Satterthwaite made her debut for Canterbury Magicians at limited overs level in 2003.

In 2007, Satterthwaite became captain of the Magicians, initially on a temporary basis due to regular captain Haidee Tiffen having a virus.

In 2016, Satterthwaite was appointed captain of the Lancashire Thunder in the Women's Cricket Super League. She played in five matches for the Thunder in July and August 2016.

During the 2014–15 season, Satterthwaite played nine matches for the Tasmanian Roar; four times in the Australian Women's Twenty20 Cup and five in the Women's National Cricket League.

Satterthwaite signed for the Hobart Hurricanes ahead of the 2015–16 Women's Big Bash League season.
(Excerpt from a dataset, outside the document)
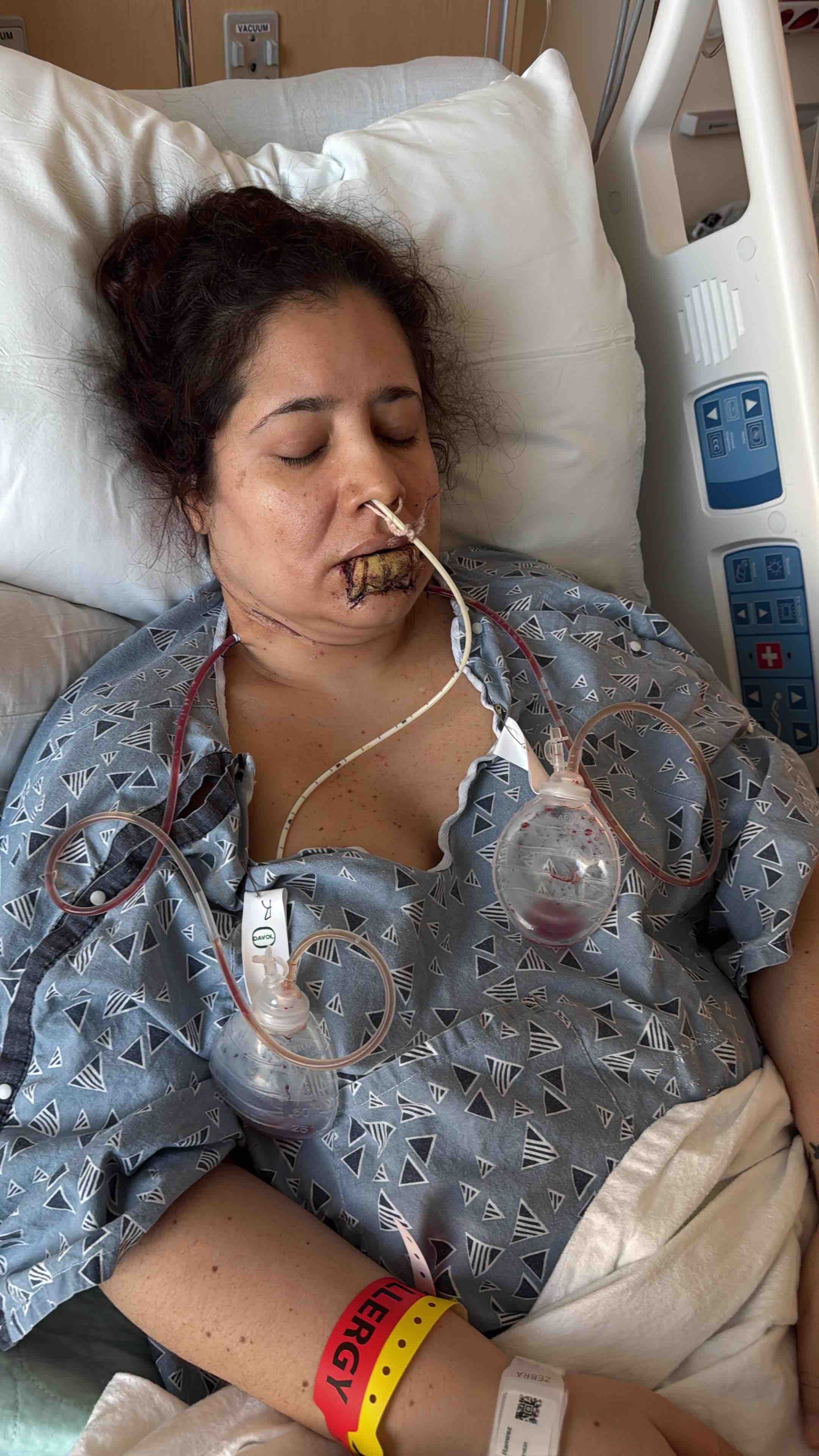 Help Uli Beat Cancer and Fund her Chemotherapy campaign photo, 7 of 8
In 2016, she resigned for the Hurricanes for the 2016–17 Women's Big Bash League season. In November 2018, she was named in the Melbourne Renegades' squad for the 2018–19 Women's Big Bash League season.

In April 2022, she was bought by the Manchester Originals for the 2022 season of The Hundred in England. She announced her retirement from all forms of cricket in February 2023. In her final season with Canterbury, she captained them to victory in the 2022–23 Super Smash.

===International career===
Satterthwaite made her international debut for New Zealand against Australia on 19 July 2007 in a Twenty20 International. She made her One Day International debut two days later, also against Australia.

In August 2007, she took six wickets for seventeen runs against England; this remained the only six-wicket haul in a women's T20I match until 20 August 2018 when Botsogo Mpedi of Botswana took 6/8.

Starting during the Pakistan's tour to New Zealand in November 2016, and then into the Australian women's team tour of New Zealand in 2017, Satterthwaite became the first woman to score a century in four consecutive innings in ODIs.

Satterthwaite has captained New Zealand twice in One Day International cricket, the first against Ireland in 2010 and the second against Pakistan in 2016.

During the 2017 ICC Women's Cricket World Cup, she equalled the record of Lydia Greenway for taking the most catches in a single Women's Cricket World Cup series(8)

In August 2018, she was awarded a central contract by New Zealand Cricket, following the tours of Ireland and England in the previous months. In October 2018, she was named as captain of New Zealand's squad for the 2018 ICC Women's World Twenty20 tournament in the West Indies. In February 2022, she was named as the vice-captain of New Zealand's team for the 2022 Women's Cricket World Cup in New Zealand.

In the 2023 King's Birthday and Coronation Honours, Satterthwaite was appointed a Member of the New Zealand Order of Merit, for services to cricket.

== International centuries ==

One Day International centuries
| Runs | Match | Opponents | City | Venue | Year |
|---|---|---|---|---|---|
| 109 | 47 | Australia | Sydney, Australia | North Sydney Oval | 2012 |
| 103 | 54 | England | Mumbai, India | Brabourne Stadium | 2013 |
| 137* | 89 | Pakistan | Lincoln, New Zealand | Bert Sutcliffe Oval | 2016 |
| 115* | 90 | Pakistan | Lincoln, New Zealand | Bert Sutcliffe Oval | 2016 |
| 123 | 92 | Pakistan | Nelson, New Zealand | Saxton Oval | 2016 |
| 102* | 93 | Australia | Auckland, New Zealand | Eden Park Outer Oval | 2017 |
| 119* | 125 | England | Dunedin, New Zealand | University Oval | 2021 |

==Personal life==
Satterthwaite was born in Christchurch and grew up in Culverden in north Canterbury. Her father, Michael Satterthwaite, represented Canterbury Country in cricket and is a former chairman of Canterbury Cricket. She states that she grew up with cricket and "had a love for the game from when [she] could walk!" Satterthwaite was for many years office manager for a veterinary practice, and since 2015 has been employed by Canterbury Cricket.

In March 2017, she married fellow international cricketer Lea Tahuhu. In August 2019, Satterthwaite announced that she and Tahuhu were expecting their first child, and was taking a break from cricket. She missed the 2020 ICC Women's T20 World Cup in Australia, but hoped to be in the team's squad for the 2022 Women's Cricket World Cup in New Zealand.

In 2020 Satterthwaite gave birth to a daughter.
In 2024, the couple became parents again, to a baby boy.